Windows 7 can run apps in true Windows XP Mode?

Tuesday, April 28th, 2009

Wow this is ambitious. The idea is that Windows 7 will have deep compatibility mode where you can run an application in a kind of XP virtual machine mode box. I gather that Win 7 Pro/Ultimate users can download the required XPM bits free.

Read more…

PS.

Microsoft’s Application Virtualization product (App-V) has been released to manufacturing and can be downloaded here:
So this is probably what Microsoft are looking at using for Windows 7. Instead of running an entire virtual desktop, it allows an application to run in a bubble. MS purchased V-App (formally SoftGrid) from Softricity.

Windows 7 SKUs Announced

Wednesday, February 4th, 2009

Windows 7 is looking good. So good that MS say they will skip Beta 2 and go straight to RC (release candidate) – see ZDNET article.

Most testers are very happy with the beta and hope MS will release sooner rather than later. Normal scheduled release is 3 years after Vista which means end of the year for MSDN subscribers, Jan 2010 for everyone else. One rumors even says Q3 of this year. MS say they will release when they are ready.

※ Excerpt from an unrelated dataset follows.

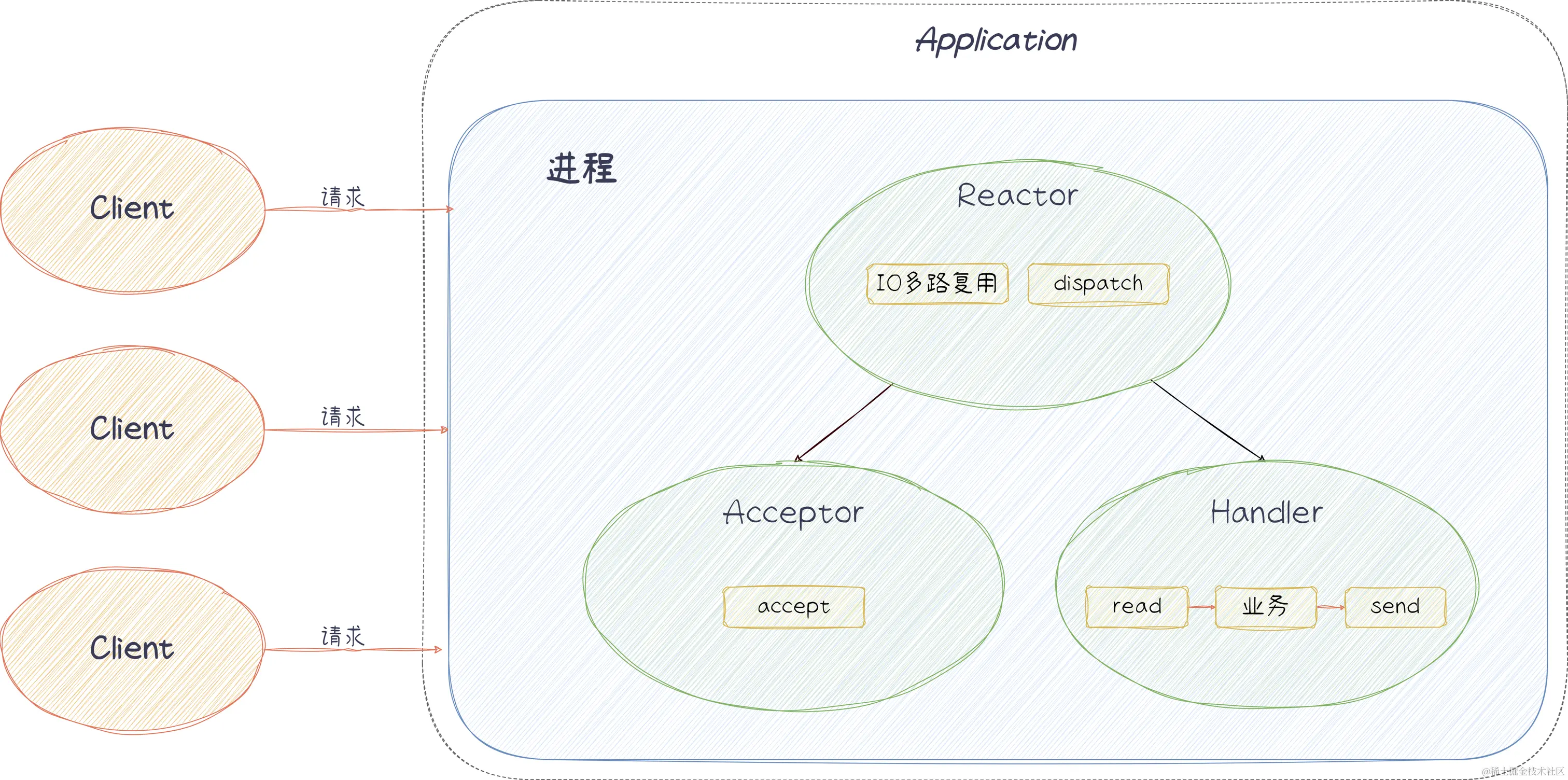 Redis单线程-第 1 页.drawio.png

I’ve got a DEL Latitude XT with pen and multi-touch capability. Even with only 1GB of RAM Windows 7 seems faster and leaner than Vista. For example I installed a clean copy of Vista, tested, then installed a clean copy of Windows 7.

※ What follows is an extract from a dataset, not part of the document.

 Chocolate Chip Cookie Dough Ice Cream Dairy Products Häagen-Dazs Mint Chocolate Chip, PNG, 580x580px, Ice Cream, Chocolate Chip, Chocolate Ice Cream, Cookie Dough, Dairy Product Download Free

  • Time for Vista to sleep:  40+ seconds (similar time to wake)
  • Time for Windows 7 to sleep:  6-8 seconds (similar time to wake)

that alone makes it very desirable. The Windows 7 touch is very natural and fun to use and.. I’m keeping  it.

The Windows 7 SKU

The official Windows 7 SKUs (Stock Keeping Units?) were announced today. There are 6 versions of Windows, however it’s much simpler than Vista since only 2 versions will be readily available through retail and OEMs:

  • Windows Home Premium — For consumers (Equivalent to Vista Home Premium)
  • Windows Professional – For business and consumers with business interests (unlike Vista Business it includes all Home Premium features).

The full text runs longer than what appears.